Ahead of Council Vote, Anthony’s on the River Demolished
YOUNGSTOWN, Ohio – Demolition on the former Anthony’s on the River building began over the weekend, days ahead Youngstown City Council’s vote on whether to approve an emergency demolition.
City council was supposed to vote on the measure at its meeting Wednesday. Business Journal reporters made calls to Youngstown’s deputy director of public works Charles Shasho, its director of economic development T. Sharon Woodberry and the man who incorporated the company that owns the site, Ron Eiselstein, to determine why demolition had moved ahead – or if it was even the city that had demolished the 110-year-old building – but no calls were returned
By Monday morning, the building was reduced to a pile of rubble, with an excavator and dump truck on site hauling away what remained.
According to a document published by the city of Youngstown, emergency demolitions can be performed on building in “imminent danger of collapse.” The costs of emergency demolitions are recovered from the property owner.
Two Bridges LLC, incorporated by Eiselstein according to documents with the Ohio Secretary of State, bought the property in February 2019 for $100,000. Months earlier, in late November 2018, Oak Hill Collaborative’s executive director and then-spokesman for Two Bridges Pat Kerrigan said the planned renovation would be “another example of what’s going on with the renaissance of downtown Youngstown and not only for businesses but the consumers and people in the community.”

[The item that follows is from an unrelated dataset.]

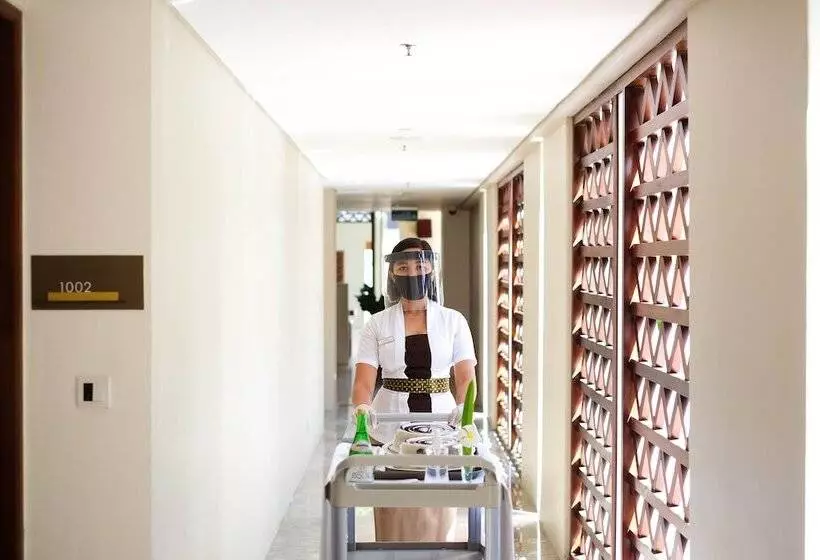 Hotelli Royal Suites At The Bandha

Potential uses for the building and surrounding site detailed at the time included restaurants, offices, townhouses and a residential high-rise.
Two Bridges, he said at the November 2018 press event, is a group of local, regional and national investors. On Friday, however, Kerrigan told The Business Journal he hadn’t spoken to Eiselstein in months.
The building at 15 Oak Hill Ave. was constructed in 1910 by the St. Vincent DePaul Society and was most recently Anthony’s on the River, which opened in 1997. The building has sat vacant since the early 2010s.
“It could be a great piece of property,” Kerrigan said last week. “It had been in disrepair for five years. When you’re on the river, you’re going to have water if you don’t have proper insulation in the basement.”